Contact your local dealer. Trust me, they "know a guy" I had this happen on a car and the "guy" was able to fix it to the point of not being able to tell. This is not something you wanna cheap out on, mess it up and even "the guy" can't fix it.


----------



## HSR (Jul 5, 2011)

I had the same problem when I purchases my cruze, fortunatly I seen it before I drove off the lot and got the dealership to fix it, they used a "wax"...all I know and it was only temp. looked perfect until it wore off I guess.


----------



## Sheldon (Jul 25, 2011)

My cruze sriv has push button start so don't need a key, but I noticed a few days after taking ownership that someone had tried to start the car by attempting to put the key into the plastic panel where the ignition barrel normally resides.

Spoke to my dealer and he said when you come in for the service he will have it replaced for me.


----------



## CHEVYCRUZE RS (Mar 29, 2011)

I have the same problem in my backseat where the 12v plug in is. There is a mini scratch on the plastic and it really bothers me too. 
Theres not much we can do, i suggest try painting it gently with a small brush and a matching color. if not, its probably easier to just leave it.


----------



## crackers8199 (Jul 20, 2011)

so i pulled the dash apart yesterday trying to get a part number off the piece that is scratched (so i can try to replace it). luckily (with some help from another cruzetalk member) that part was very easy to remove...

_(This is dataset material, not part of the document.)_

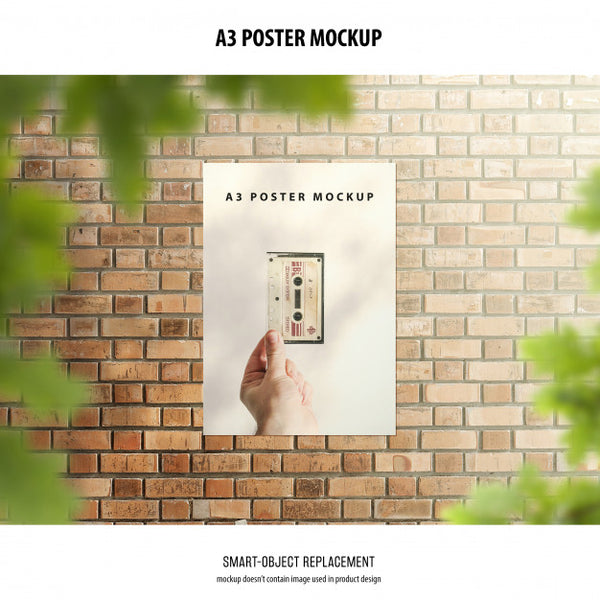 Free A3 Poster Mockup Psd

however, i've got a dilemma now.

it appears there are two part numbers on the back...

94565208 / 94565210

both come up on GMPD as different parts. any ideas?


----------



## crackers8199 (Jul 20, 2011)

actually, based on this: P FLOOR CONSOLE;. Fits: Cruze | Nalley Buick GMC Brunswick

it seems one part number is silver color, the other is titanium color. my question is - how the **** do i know which color i've got? silver and titanium both sound like pretty much the same thing to me...



> K01 94565208 COVER. Transmission Control Lever
> COVER,M/TRNS CONT LVR TR(TITANIUM). Required: 01For: PJ 6-SPD MANUAL TRANS(MZ0),ELEK RIDE & HANDLING(FX3) (2011-2011) (2011 - 2011). $16.81
> 
> K01 94565210 COVER. Transmission Control Lever
> COVER,M/TRNS CONT LVR TR(SILVER). Required: 01For: PL 6-SPD MANUAL TRANS(MZ0),ELEK RIDE & HANDLING(FX3),(EXC LTZ(Z64) (2011-2011) (2011 - 2011). $17.50


----------